Training and development remains an important human resource (HR) practice of interest to researchers, managers, governments, and employees. Training research is of substantial interest and reviews show its enormous and continued growth. Training is of major interest to practitioners and managers in order to update employee skills, improve job performance and productivity, and develop the competencies employees need to meet the strategic objectives of their organizations. Training is of significance to governments who facilitate its use to provide the capabilities a country needs for economic growth and to address skill shortages in a highly competitive global economy. Lastly, training is important to employees for whom it increases employment duration and continuity, pay, and career advancement.

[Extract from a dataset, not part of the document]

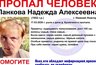 Пропавшую по дороге с дачи 73-летнюю пенсионерку ищут в Нижегородской области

However, problematic issues continue to arise in regard to the usefulness of and return on training and development (Bunch, 2007). Managers want to know what the return is on their investment. Yet, the impact of training on performance continues to be rarely evaluated and its ROI rarely calculated. Scholars lament that practitioners do not use the results of research to incorporate the well-developed scientific knowledge about training into needs analysis, design, delivery, transfer, and evaluation. Governments are criticized for under investing in the training and development needed by their countries for economic growth.
Introduction
Four major approaches underlie research into training and development in organizations: those of human resource management (HRM), industrial/organizational (I/O) psychology, labour economics, and industrial relations.
The earlier field of 'personnel management' considered training as one of several separate HR practices and focused on identifying and implementing training models in a series of steps to improve individuals' job performance. By contrast, in the HRM approach, HR practices, including training and development, are used to improve organizational performance, help implement an organization's business strategy and meet its objectives, and help build a sustainable competitive advantage that creates financial performance. The approach is strategic in terms of managing human resources to meet the organization's objectives.

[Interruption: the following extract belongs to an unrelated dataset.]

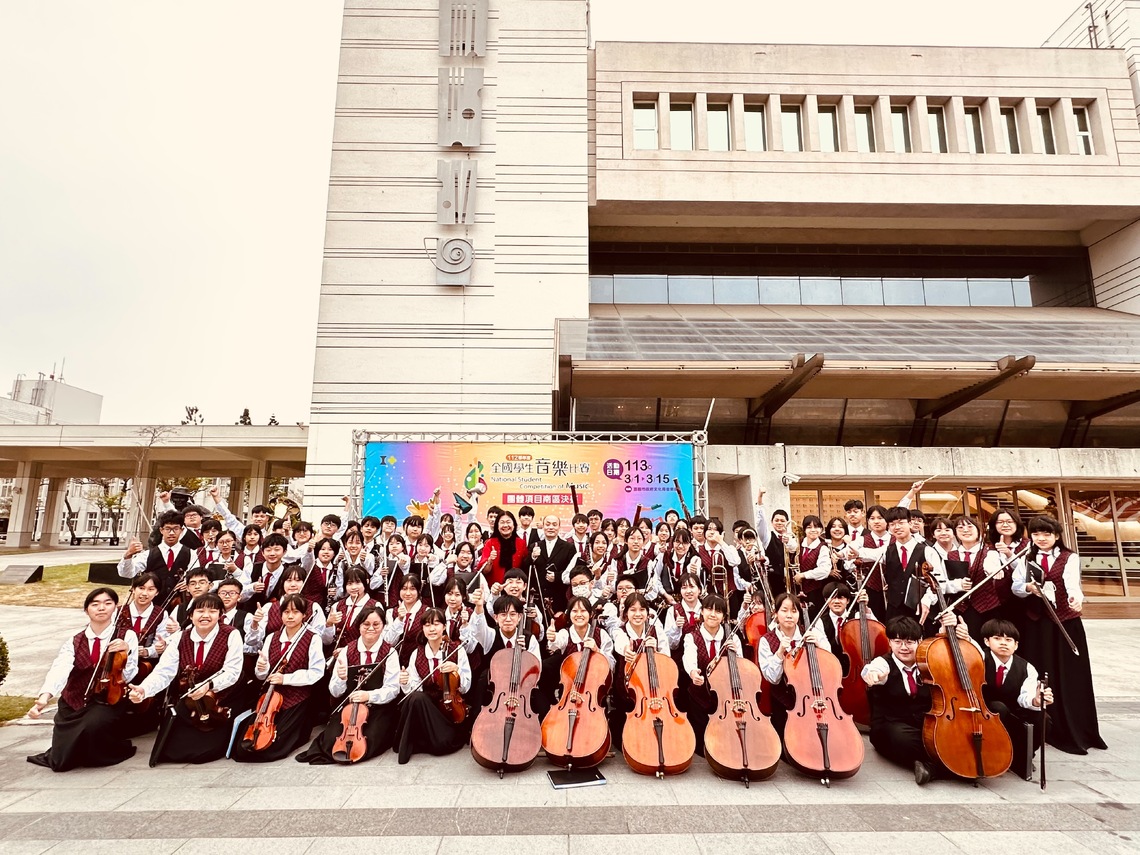 漾新聞|鳳西國中特優音樂班《龍躍鳳鳴》精湛演出 就在今夜!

The theoretical basis for the strategic HRM approach includes the resource-based view (RBV) of the firm. High-performance work systems (HPWS) are integrated systems of HR and other work practices that are internally consistent with each other and externally consistent with organizational strategy. HPWS are designed to help develop valuable, unique employee capacities that assist an organization to develop core competencies - firm-specific resources and capabilities that enable an organization to enact a strategy that creates value by not being implemented simultaneously by competitors and which competitors find hard to duplicate. Developing employees is an effective way of gaining valuable, rare and perhaps unique capacities, and training and development is a key practice, amongst others, to do so. Training, in combination with other HR practices (e.g., selective staffing, performance-contingent compensation, developmental and merit-based performance appraisal) and other work practices such as work design (self-managed teams, flexible work assignments, teamwork), open communication, quality improvement, and decentralized decision-making, helps develop core competencies by which the organization can gain a sustained competitive ...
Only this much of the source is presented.